§ 2.53 p.m.
§ Lord Wyatt of Weeford asked Her Majesty's Government:
§ Whether they intend that the forthcoming allocation of passports to "specially valuable and vulnerable" Chinese in Hong Kong will cover at least 200,000 families.
The Minister of State, Home Office (Earl Ferrers)
My Lords, my right honourable friend the Secretary of State for Foreign and Commonwealth Affairs hopes to make a Statement in another place shortly. I hope that the noble Lord will realise that it would not be appropriate for me to anticipate the Statement today.
§ Lord Wyatt of Weeford
My Lords, will the noble Earl tell the Government at least to treble the number they first thought of in this context? Otherwise, with so many people wishing to leave Hong Kong and requiring residential qualifications elsewhere for passports, there will be a breakdown in Hong Kong before 1997. Will he ask the Government to ignore the rough element in the Tory Party who seem to have forgotten the tradition that their party once had of care for the subjects of the British Empire? Will he also tell the Government to ignore the envious element of the Labour Party who cannot bear the thought of a few industrious Hong Kongers coming here who would not be on social security and who would not vote Labour?
My Lords, the noble Lord seems to have taken a pretty good swipe at everyone. I shall not give an undertaking that I will tell the Government to treble the figure, as he suggests, but I shall see that his views are made known. He asked me to ask the Government to ignore the Labour Party and the Conservative Party. The Government do not ignore anyone.
§ Lord Mishcon
My Lords, will the noble Earl accept that a responsible spokesman from these Benches intends to await the Statement which is to be made?

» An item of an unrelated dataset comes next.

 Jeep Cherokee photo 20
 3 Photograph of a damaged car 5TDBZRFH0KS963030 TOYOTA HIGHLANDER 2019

My Lords, I was temporarily wondering who the spokesman would be. I now realise that it is the noble Lord, Lord Mishcon.
§ Lord Bonham-Carter
My Lords, is the noble Earl aware that the noble Lord, Lord Wyatt, omitted to praise my colleagues on these Benches? Furthermore, is he aware that there is a substantial though not very large Indian population in Hong Kong? Is he also aware that they were almost all brought over —either themselves or their parents —as servants of the Government, as policemen or clerks, and that they will not be given Chinese nationality 120 after 1997? They are therefore in a particularly vulnerable position. Will he urge on his right honourable friend that special steps be taken to ensure the security of those people?
My Lords, had the noble Lord made his views known a little earlier I dare say the noble Lord, Lord Wyatt, might have taken a swipe at him too! I shall see that his views are taken into account, as indeed they are by my right honourable friend. All views are taken into account because this is a very difficult situation.
§ Lord Eden of Winton
My Lords, can my noble friend assure your Lordships' House that the Government will not be deterred in any way from doing what is right by Hong Kong either by the unnecessarily alarmist views being expressed in some quarters by Members of another place or by the rather opportunistic position being taken up on the issue by the Official Opposition spokesmen in another place?

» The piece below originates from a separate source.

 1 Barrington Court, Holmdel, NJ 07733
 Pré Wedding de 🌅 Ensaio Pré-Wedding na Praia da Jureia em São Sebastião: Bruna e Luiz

My Lords, I can assure my noble friend that the Government will not be deterred from doing what they consider to be the right thing.
The Earl of Halsbury
My Lords, will the Minister give consideration to the thesis that the more Hong Kongers we import the better? Does he agree that they come from highly superior, highly intelligent, hard working, law abiding stock and that they might invigorate our decrepit economy with hybrid vigour which we badly need?
My Lords, that is an interesting thought. I can assure the noble Earl that the view that he puts forward is a consideration taken into account by my right honourable friend.
§ Lord Maclehose of Beoch
My Lords, the Government took a courageous and correct decision about non-refugee Vietnamese. Will they now take an even more courageous decision about the grant of nationality to key people in Hong Kong on a scale that would save a situation that once looked so promising?
My Lords, that is precisely the dilemma to which my right honourable friend is addressing himself at the moment. It would be quite wrong for me to anticipate in any way what he will say. Of course he will take the noble Lord's views into account.
§ Lord Geddes
My Lords, will my noble friend accept the crucial importance of a sizeable allocation in this context to avoid China's inheritance in 1997 of —and I quote the article appearing in the Sunday Times of 17th December —Skyscrapers, an excellent metro system and an economy that has gone with the wind"?
My Lords, that is yet another point of view which my right honourable friend will also take into account.